Friday, 16 December 2011

Hartlepool Bombardment, December 16 1914

On this day in 1914, Hartlepool, Scarborough and Whitby, all towns on the British coastline, were bombarded by German warships in an attempt to draw out the Royal Navy into battle. Whitb and Scarborough had no effective means of defence, but Hartlepool, although still majorly outgunned, had a Coastal Battery armed with six inch naval guns to fight back with. The story of the Raid is taken from here - . Today I will be in Hartlepool attending a commemorative service on the anniversary and timing of the start of the bombardment, which killed Theo Jones, the first British soldier to be killed on British soil in the First World War, who was a Private in the 18th Battalion Durham Light Infantry, a 'Durham Pals' Battalion

Over 100 people died as more than 1,000 shells rained down on the town for
about 40 minutes from the three heavy cruisers Blucher, Seydlitz and Moltke
which emerged from the mist shortly after 8am on December 16 1914. Amongst the
casualties was Theo Jones, the first soldier to die on British soil in the Great
War.The previous evening four battle cruisers, 'Seydlitz', 'Moltke', 'Von der
Tann' and 'Derrflinger'; one heavy cruiser, 'Blucher', four light cruisers and
two flottillas of destroyers had left their base, heading out into the North
Sea. The intention was to bombard Hartlepool and Scarborough, both were by now
fortified towns and considered legitimate targets.
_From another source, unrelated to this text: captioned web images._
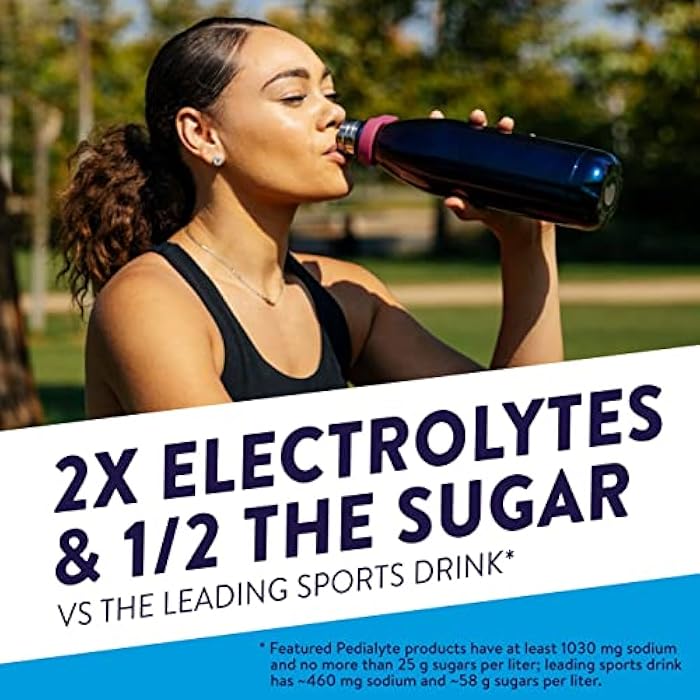 Pedialyte Fast Hydration Electrolyte Powder Packets, Strawberry, Hydration Drink, 8 Single-Serving Powder Packets - Image 4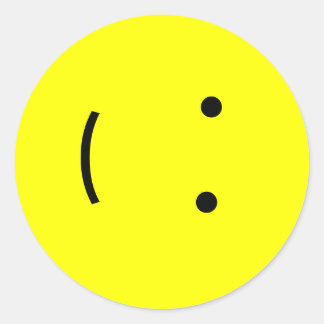 Alla Smiles Stickers Runt Klistermärke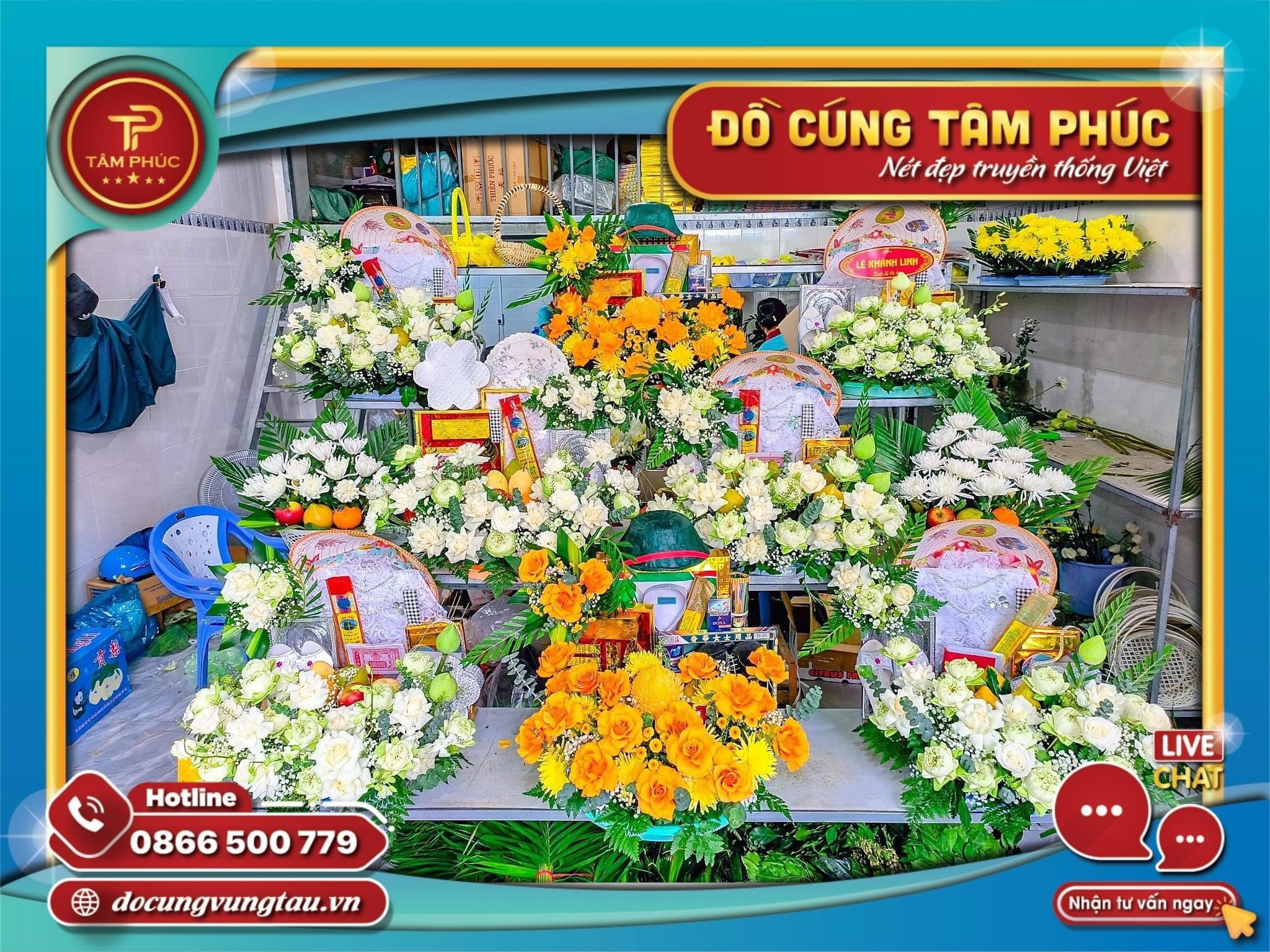 Mâm cúng Cô Sáu các Chiến Sĩ Côn Đảo trọn gói.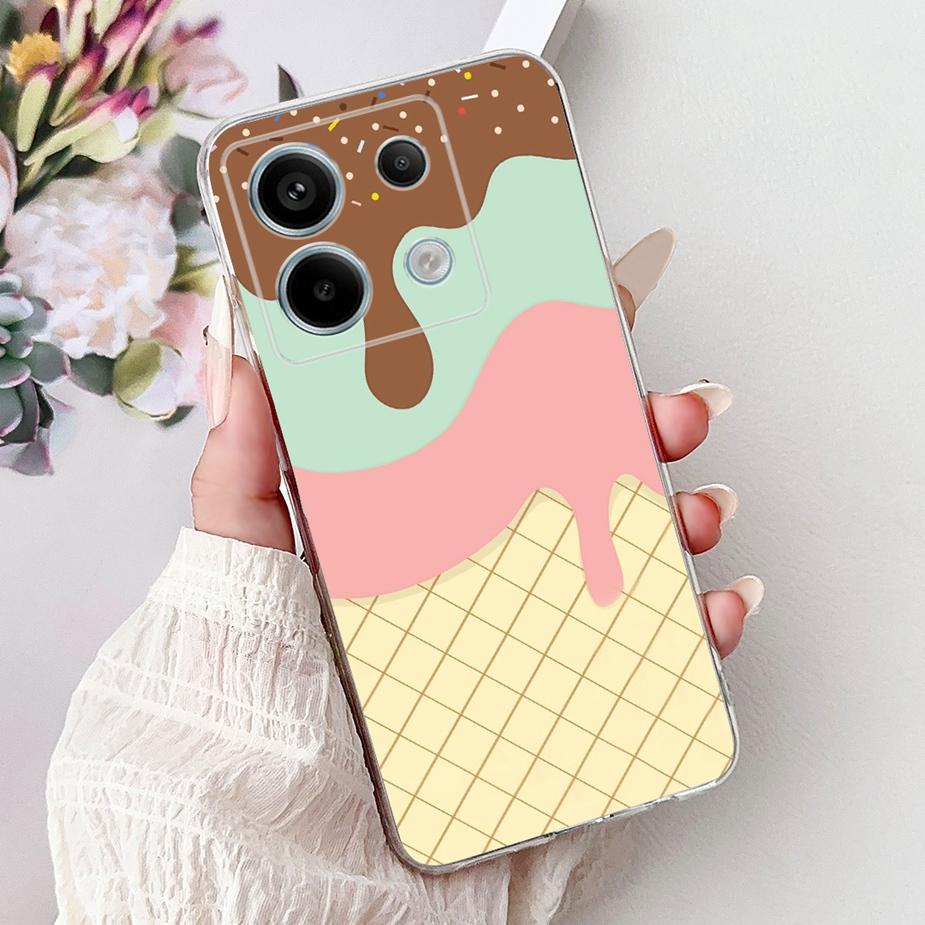 For Xiaomi Redmi Note 13 Pro 4G Case Luxury Popular Painted Cover Soft Slim Phone Case For Redmi Note 13 Pro Plus Note13 5G Bags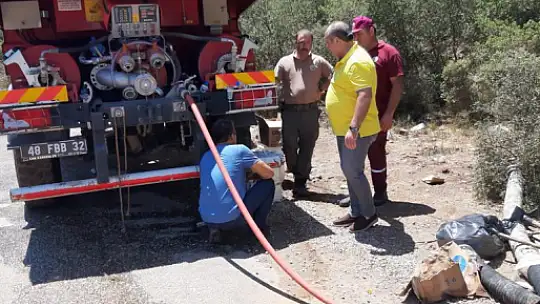 CHP Fethiye İlçe Örgütü yangın ekiplerini unutmadı
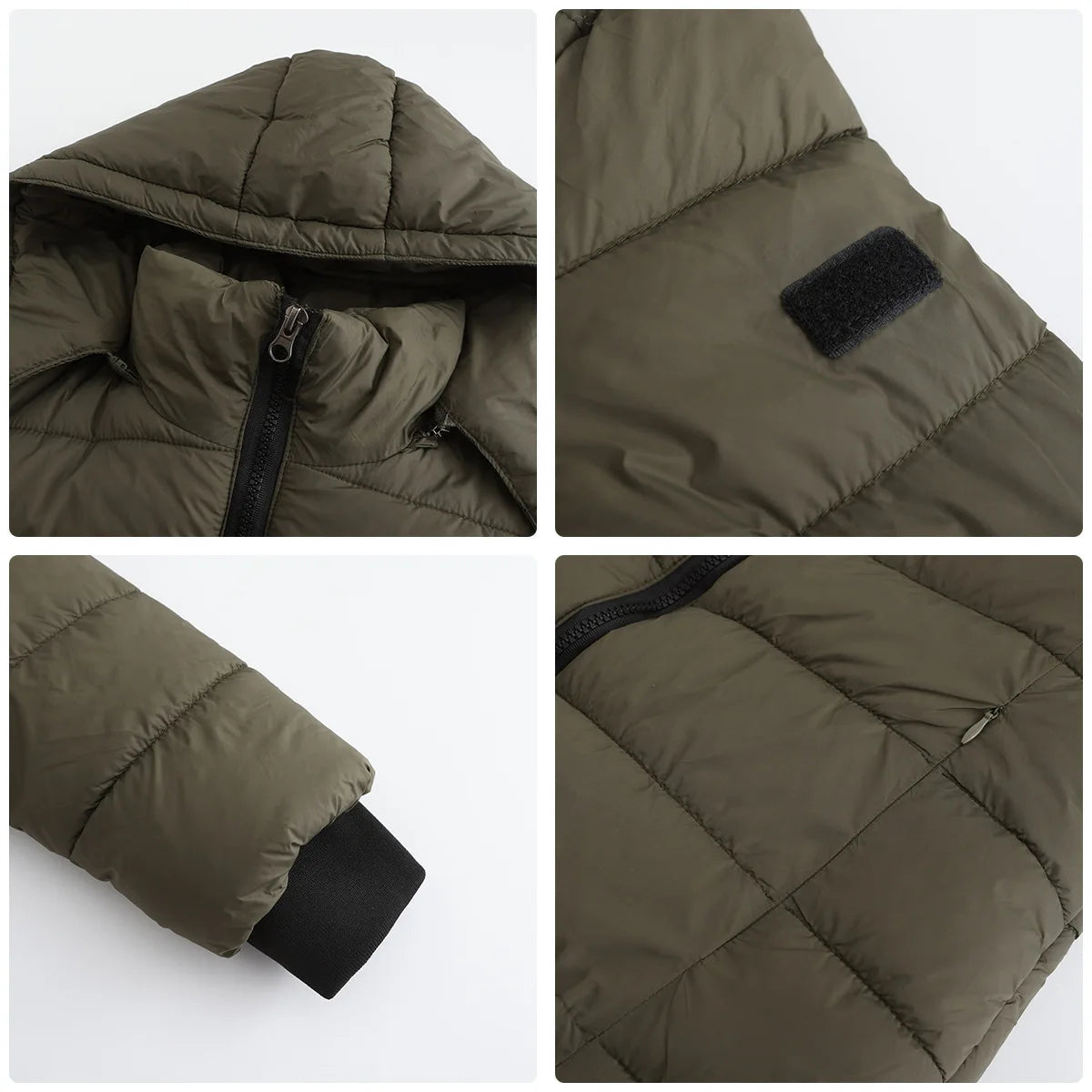 Long Quilted Puffer Jacket for Women in Bold Colors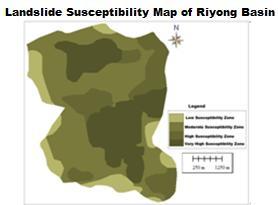 features in KMZ/KML file format on the Susceptibility zone map. All the scars have suitably fitted on the map, especially over the high susceptible zones and proved the notion of the author as write.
At dawn, six miles east of Hartlepool, shots were exchanged between
them and the destroyers of the Local Defence Patrol who left to raise the alarm.
No-one in the town heard anything. The 'Seydiltz', 'Moltke' and 'Blucher'
continued to steam towards the nearest target and the rest headed for
Scarborourgh. At 8.10 a.m. as the inhabitants were readying themselves for the
day's work, the first shell was fired. They were aiming at the shore batteries
and the Lighthouse. The shell cut all the lines of communications between the
batteries throwing them into confusion. By 8.25 a.m. most of the ships had come
as close as four thousand yards and had begun to pour their fire into the gun
emplacements and the docks. Some of the armour piercing shells had delayed
action fuses and a number bounced off the batteries into the town.

Henry Smith Terrace was dangerously close to the action. There were
hundreds of people milling about, taken totally by surprise, the coastguards
were doing their best to evacuate everybody safely. The air was filled with
black smoke, the screams of shells passing overhead and the cries of children
separated from their families. For about three quarters of an hour the
bombardment continued, 1,150 shells were fired into the area killing 112 and
wounding over 200. When it was clear the attack was over people began to filter
back to the shoreline, some helping to dig out the injured from collapsed
buildings, others helping themselves to shell fragments to keep as
souvenirs.Amongst the casualties was Theo Jones, the first soldier to die on
British soil in the Great War.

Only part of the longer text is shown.